--- RECORDS PROVIDED Enclosed Below ---
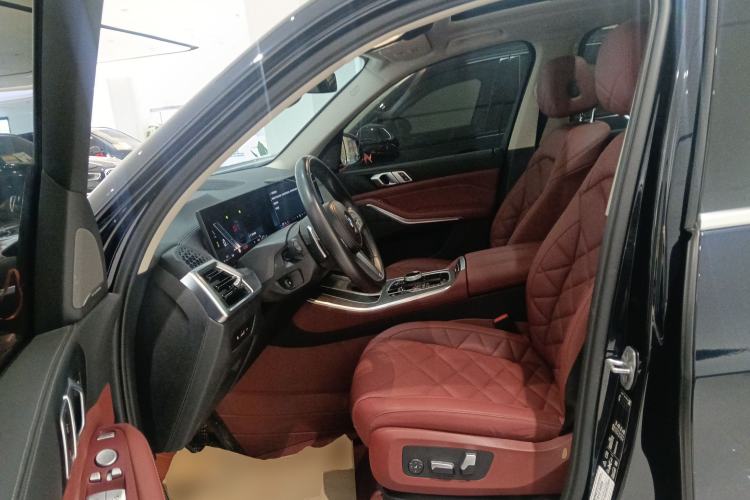 Used BMW X5 2023 xDrive 30Li M Sport Package Left Front Seat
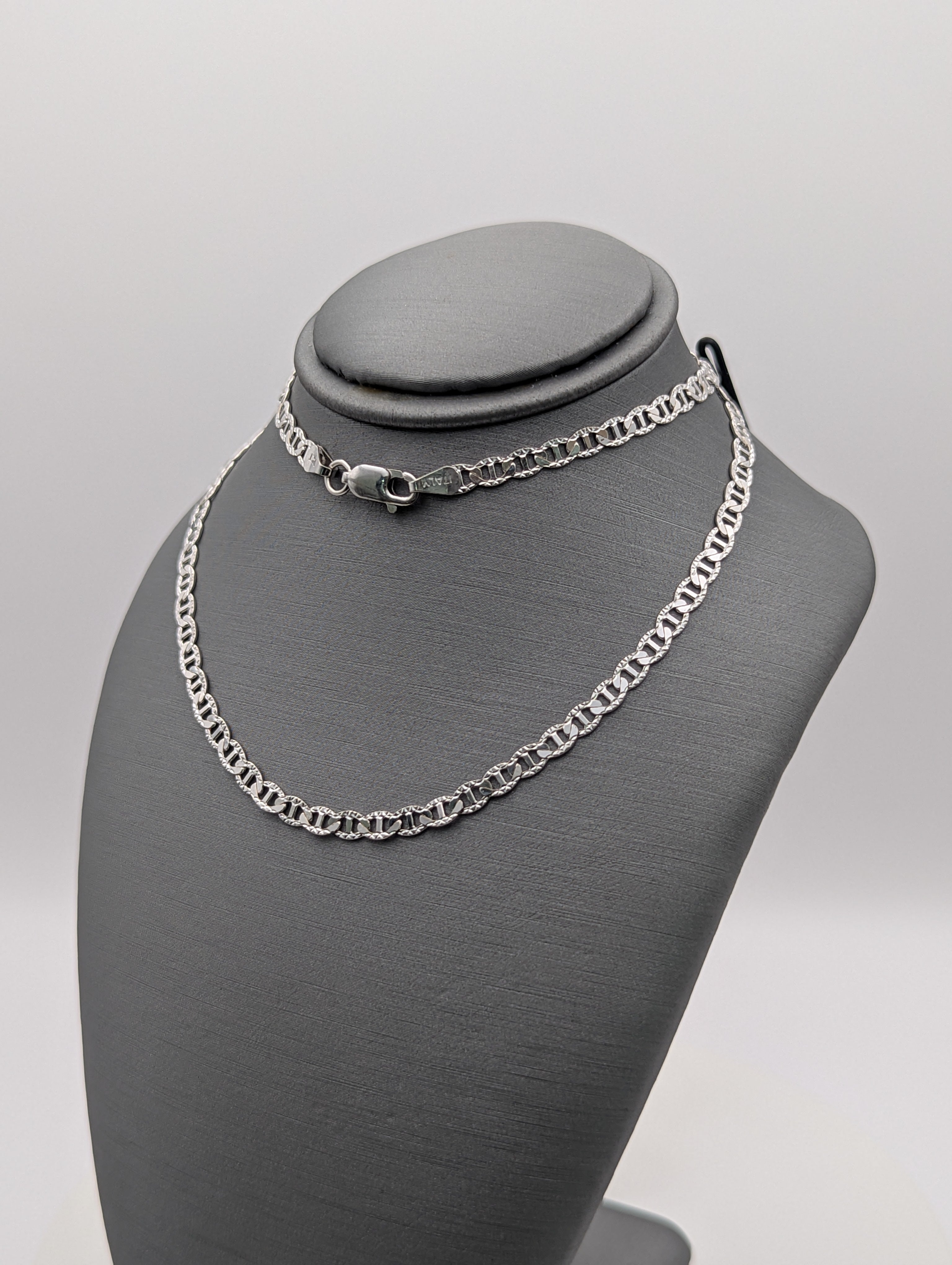 Cadena Marinera con Corte Diamantado de Oro Blanco de 14K
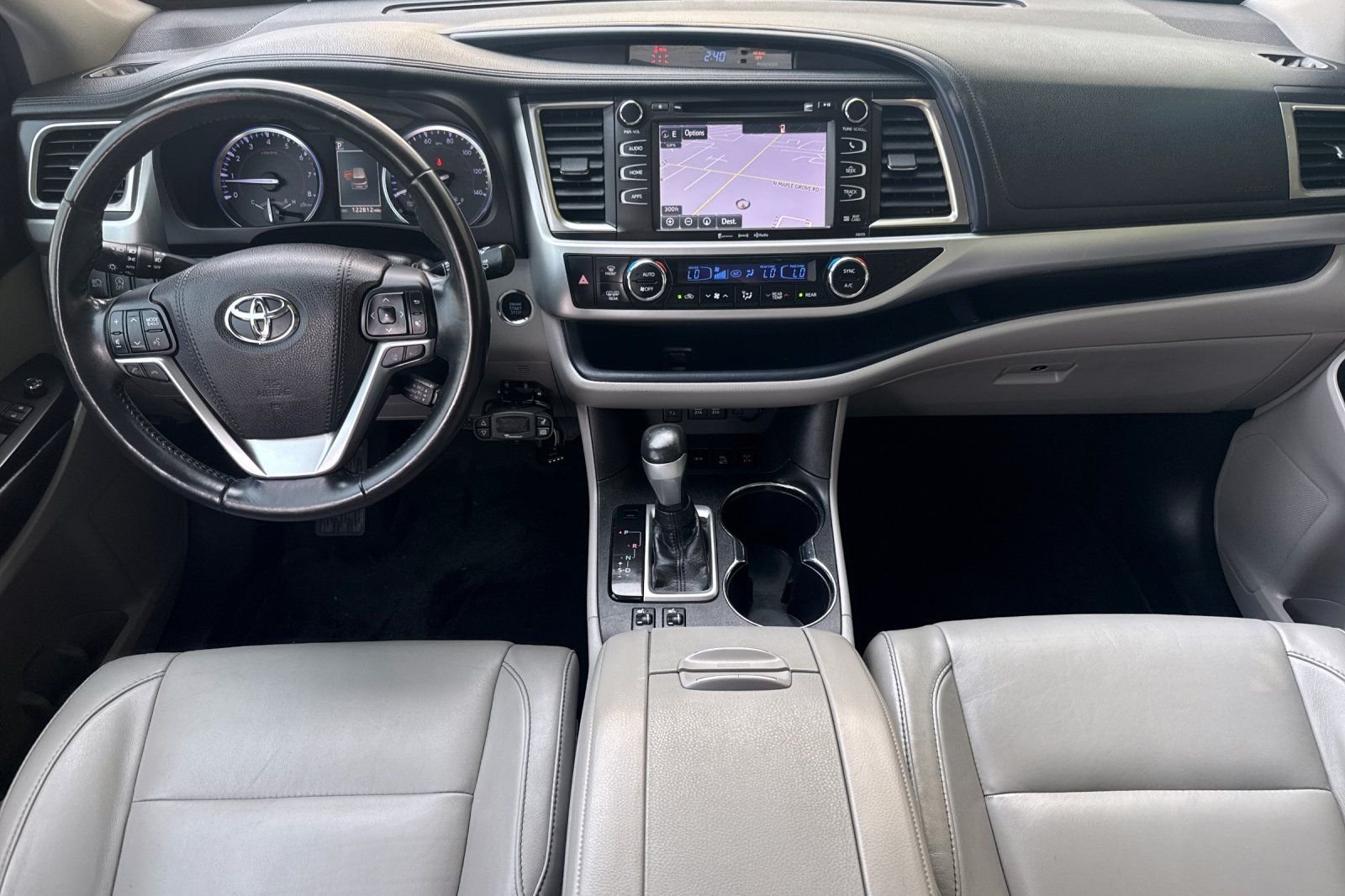 Used 2018 White Toyota XLE image 12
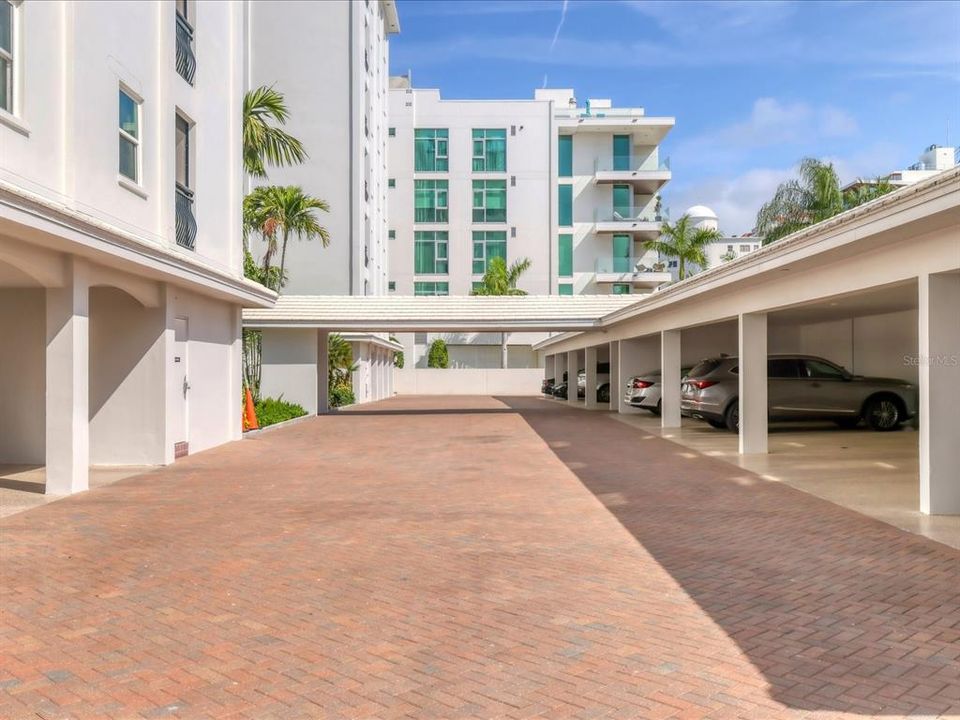 Active With Contract: $4,500 (2 beds, 2 baths, 1396 Square Feet)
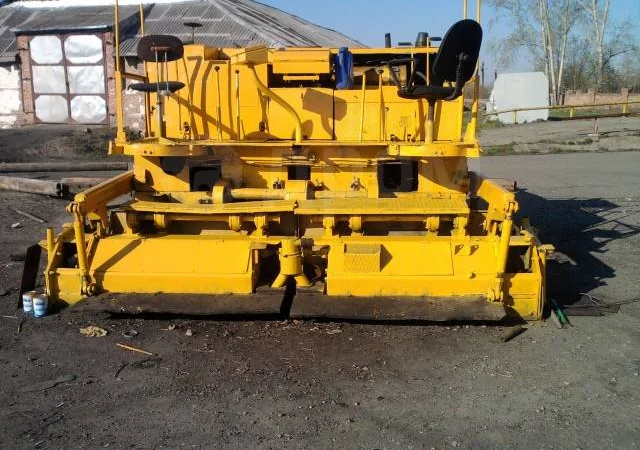 Запчасти к асфальтоукладчикам ДС-126, ДС-143, ДС-195, ДС-191, СД404, АСФК, АСФГ; - фото № 1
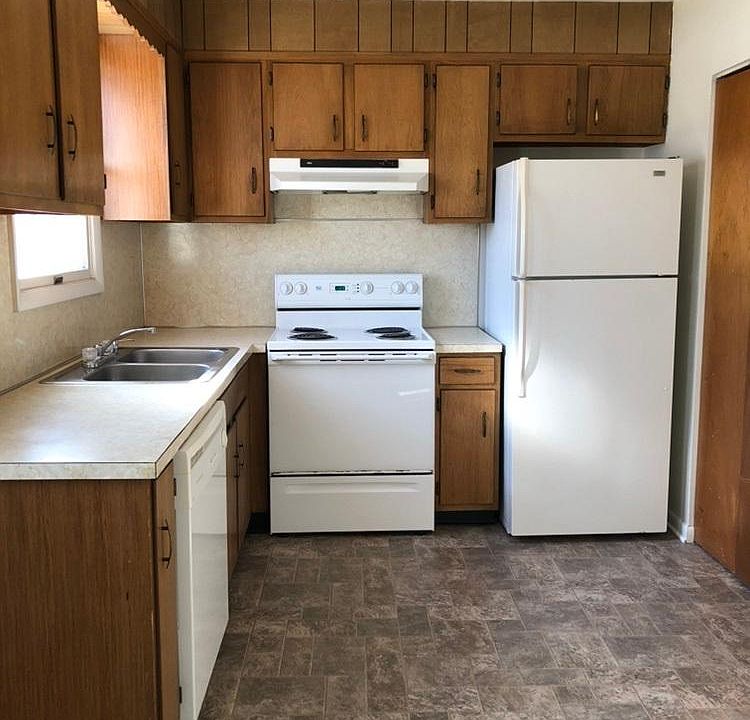 2nd image of 158 Bowman Rd APT 7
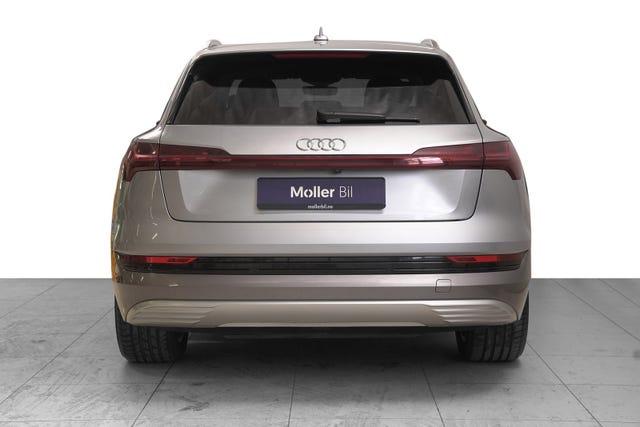 WAUZZZGE6MB002832 2021 AUDI E-TRON-4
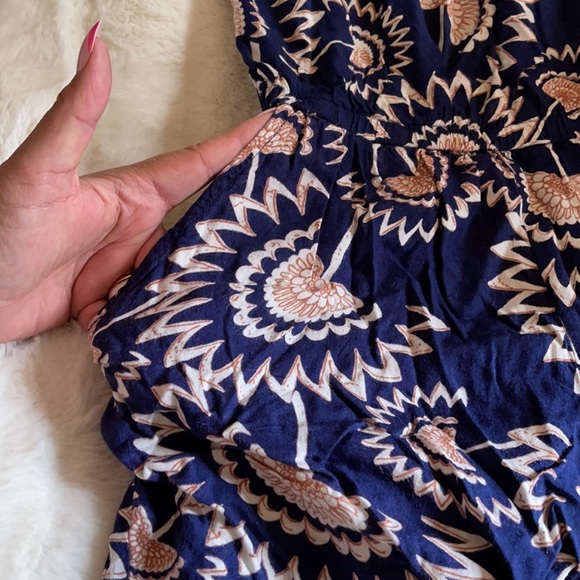 Romper - Picture 2 of 2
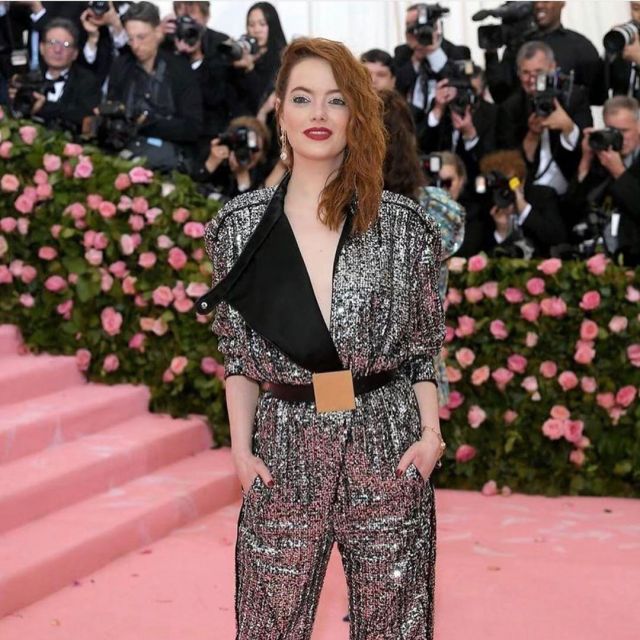 The combi-pants with sequins of Emma Stone on the account instagram @themetgalaofficial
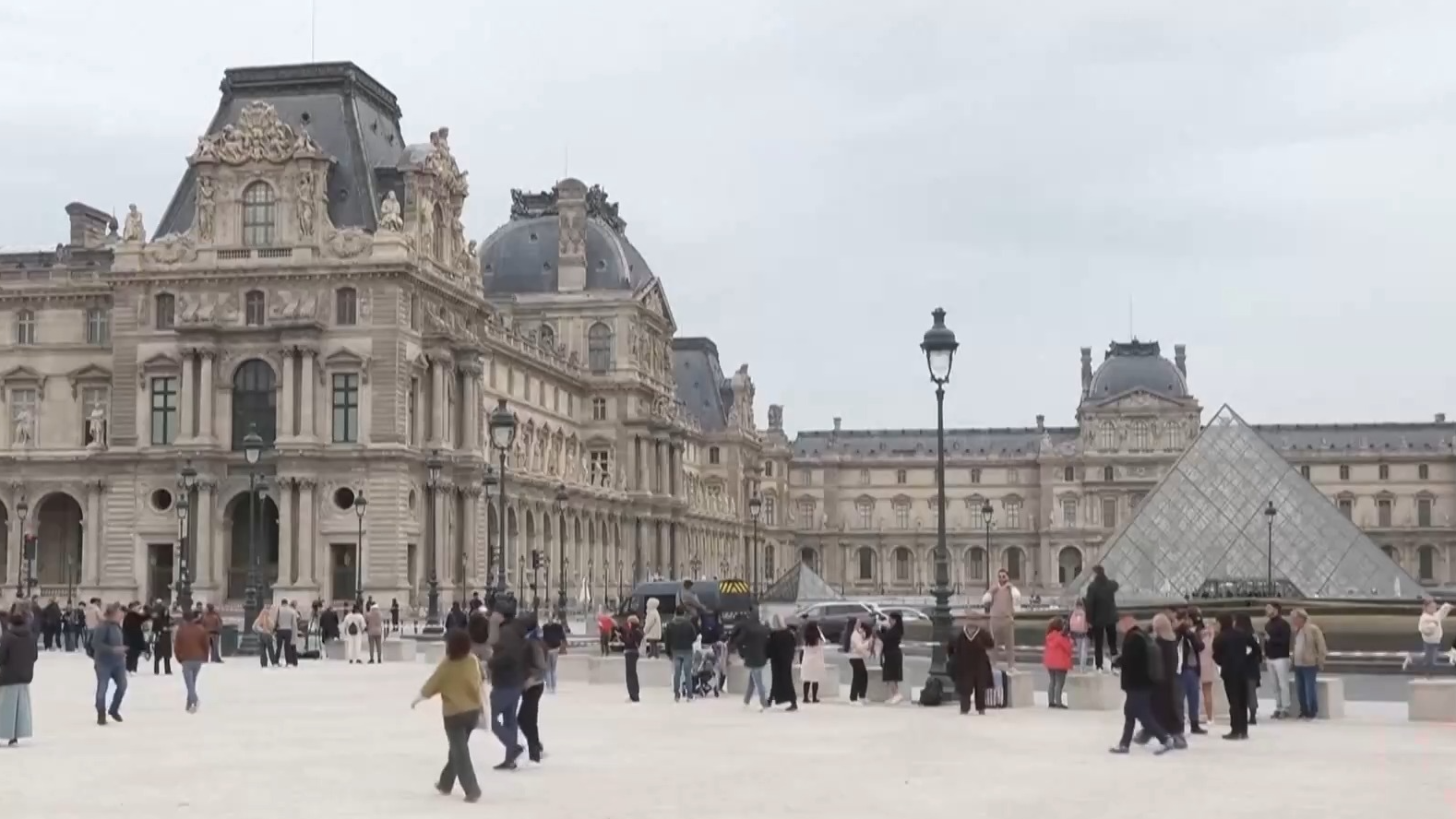 卢浮宫博物馆宣布20日继续闭馆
--- End of Enclosed RECORDS PROVIDED ---
ACTIVITY:
Give back exactly the lines from the line with "2nd image of 158 Bowman Rd APT 7" through the final line of the entries above, and keep pictures out of the copy.

OUTPUT BELOW:
 2nd image of 158 Bowman Rd APT 7
 WAUZZZGE6MB002832 2021 AUDI E-TRON-4
 Romper - Picture 2 of 2
 The combi-pants with sequins of Emma Stone on the account instagram @themetgalaofficial
 卢浮宫博物馆宣布20日继续闭馆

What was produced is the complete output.